Timeline: Uniforms

1862 The regiment consisted of ten rifle companies. No.1,2 and 3 wore rifle-green uniforms with scarlet facings; 4 and 5 wore light gray with scarlet facings; 6 “The Victoria Rifles” wore brown with scarlet facings; 7 wore dark gray with scarlet facings; 8 wore light gray with no facings; 9 wore rifle-green uniforms with scarlet facings but started off with gray uniforms, red trimmings and a cluster of cock’s feathers set on the shako; 10 wore Highland uniform.

Reference “History of the Queen’s Own Rifles of Canada by Captain Ernest J. Chambers”

1855 Civil Service Company
1855 Civil Service Company – QOR Museum photo

Commanding Officers Report on circular October 13, 1862 concerning clothing and equipment of Volunteers Upper Canada

18 Dec 1862

The winter uniform to be worn by the Officers, specified in Regimental Orders, and to consist of a Dark Grey Coat trimmed with Grey fur, Grey fur cap with black leather peak and long boots or knickerbockers reaching to the knee. The remainder of the Uniform being similar (in theory) to that worn by Officers of other Rifle Regiments.

Regimental Diary 1860-1895 – City of Toronto Archive

14 March 1863

The Special Designation of “Queen’s Own Rifles” conferred – See letter under

Adjutant Generals Office

Regimental Diary 1860-1895 – City of Toronto Archive

Quebec 14 March 1863

Sir, With reference to my letter to you of the 11st Just. I am now desired by HG The commander-in-Chief to acquaint you that Her Majesty has been pleased to approve of the 2nd Battalion Volunteer Militia Rifles of Toronto being designated in future the “Queen’s Own Rifles” of Toronto.

I have the honour to be

(Sa) A de Salaberry Lieu Col

Lieu Col Durie Dept Aj Lieut Leich

Toronto

Regimental Diary 1860-1895 – City of Toronto Archive

25 May 1863 – “The companies belonging to the battalion will parade in their usual regimental uniforms, including shakos with the green ball.” [2] p49

QOR officer with dog
QOR Officer with Shako and green ball – QOR Museum

 

25 may 1863

At a meeting of Officers on this day.
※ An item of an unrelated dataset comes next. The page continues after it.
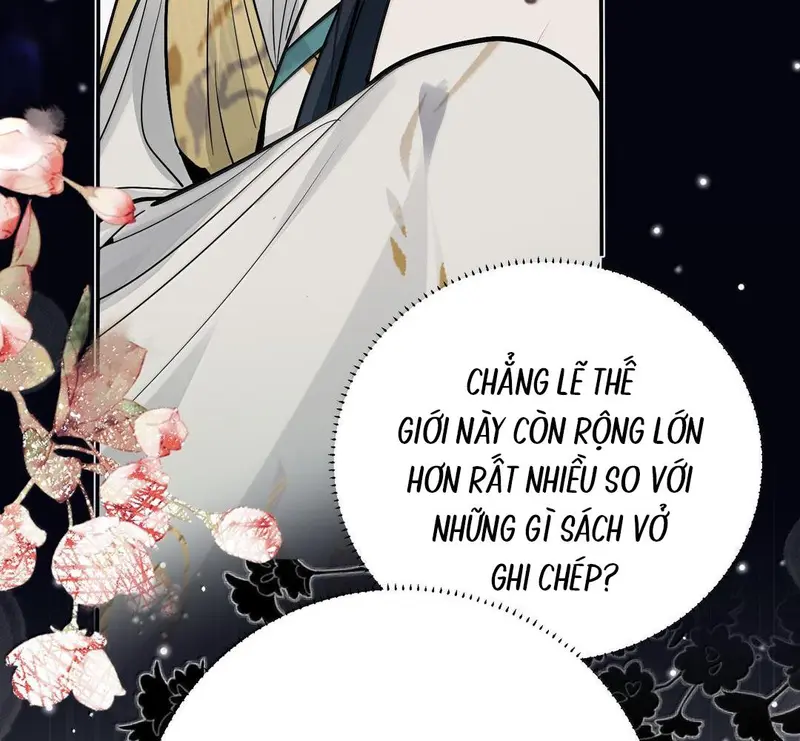 Triền Chi - Pheromone Chapter 24 - Trang 33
The following letter was read Sanctioning the Standing Orders of the Battalion.

Adjutant Generals Office

Quebec 1st May

Sir,

I have the honour to acknowledge the receipt of your letter of the 28 just last enclosing the standing orders of the Volunteer battalion under your command, which I now beg to relurn duly approved, by order of His Excellency the Commander-in-Chief subject to the provisions of the Militia Law.
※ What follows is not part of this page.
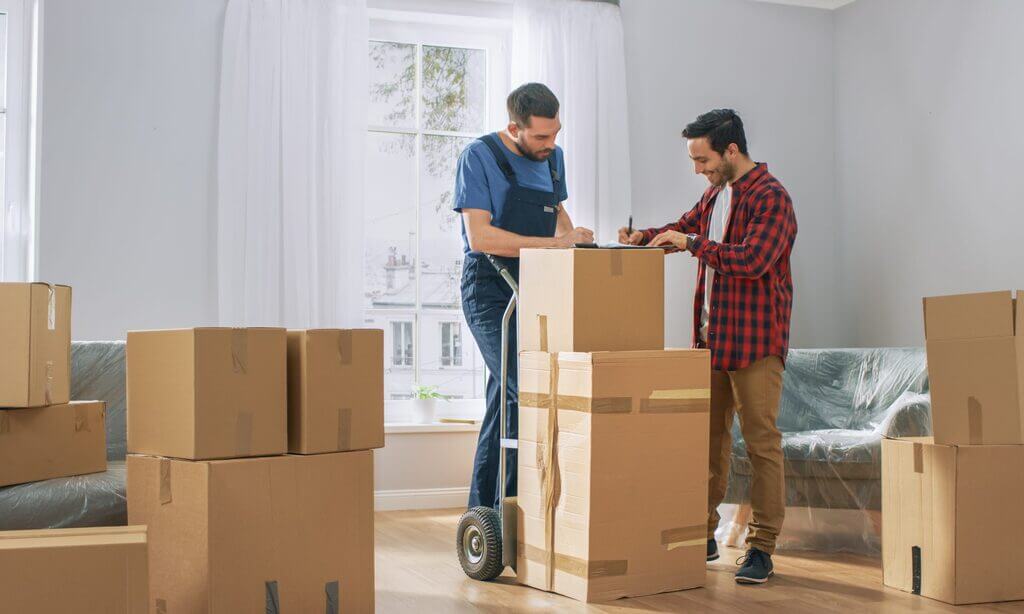 The Complexities of Moving to NYC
With reference to the emblem or device enclosed in the said communication. I am to draw your attention to the General Orders of 10 March last, by which you will percieve that the designation granted to your Battalions is that of the “Queen’s Own Rifles” of Toronto.

I have the honour to be

(Sa) A de Salaberry Lieu Col

Lieu Col Durie Dept Aj Lieut Leich

Toronto

Regimental Diary 1860-1895 – City of Toronto Archive

10 October 1863

At a meeting of Officers held this day it was “resolved”

“That the Caps worn as a portiore of the mister “Unfiorm of the Officer’s shall be in future without “Peaks”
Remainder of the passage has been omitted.